- **What to produce**: In the data below, the answer is the run of lines from the line containing "Треугольники из лаваша с фаршем" through the line containing "Fencing put up", both included; print it exactly and nothing else.

- **Material to process**:
• • • • •
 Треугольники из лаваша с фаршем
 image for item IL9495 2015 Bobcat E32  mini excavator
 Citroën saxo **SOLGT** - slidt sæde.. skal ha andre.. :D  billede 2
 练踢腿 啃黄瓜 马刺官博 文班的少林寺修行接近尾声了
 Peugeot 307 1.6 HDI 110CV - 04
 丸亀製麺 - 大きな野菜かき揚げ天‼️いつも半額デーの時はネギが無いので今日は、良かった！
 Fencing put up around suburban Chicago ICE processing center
• • • • •
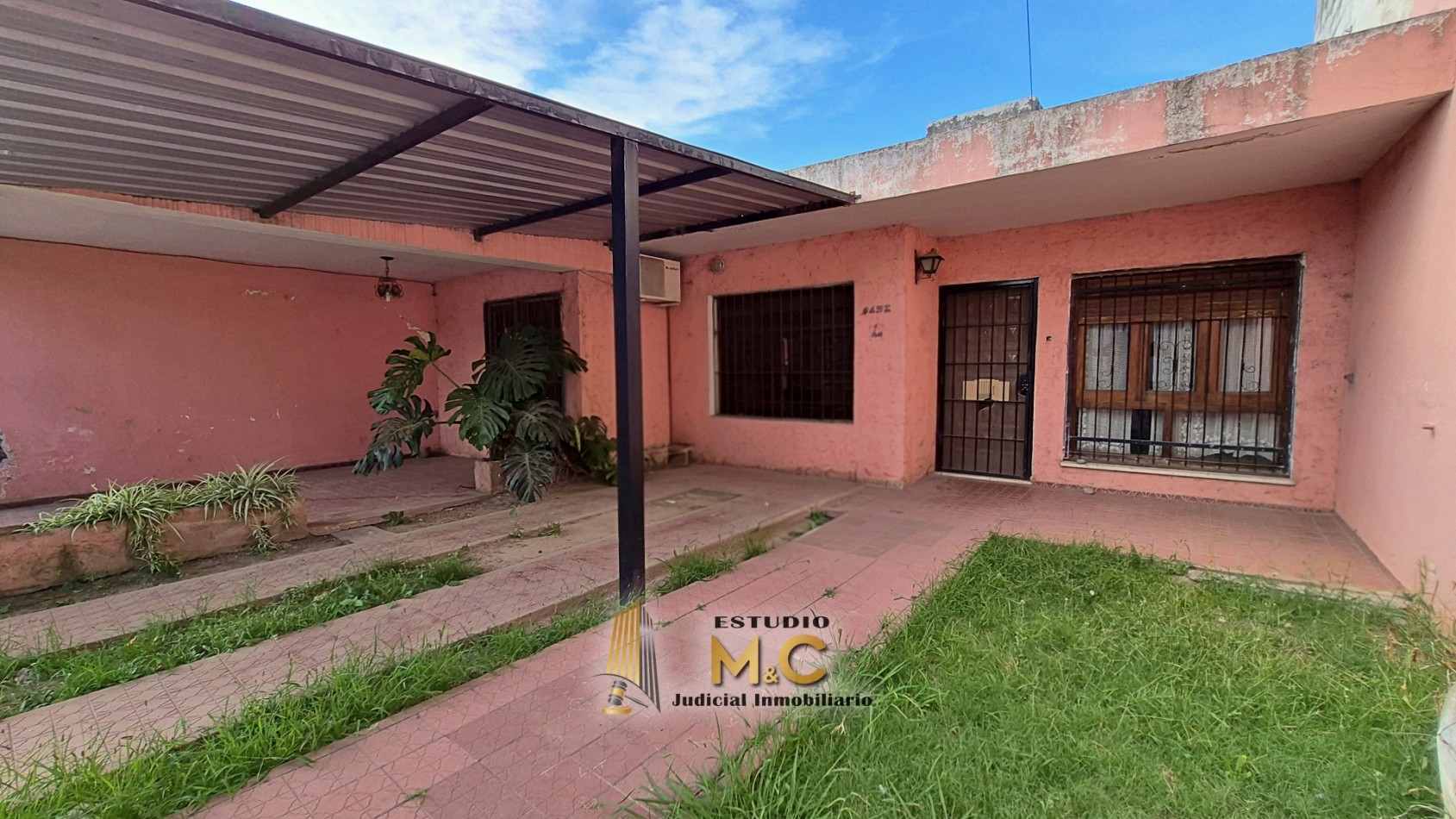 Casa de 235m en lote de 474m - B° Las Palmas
• • • • •
- **Result of this exercise**:
 Треугольники из лаваша с фаршем
 image for item IL9495 2015 Bobcat E32  mini excavator
 Citroën saxo **SOLGT** - slidt sæde.. skal ha andre.. :D  billede 2
 练踢腿 啃黄瓜 马刺官博 文班的少林寺修行接近尾声了
 Peugeot 307 1.6 HDI 110CV - 04
 丸亀製麺 - 大きな野菜かき揚げ天‼️いつも半額デーの時はネギが無いので今日は、良かった！
 Fencing put up around suburban Chicago ICE processing center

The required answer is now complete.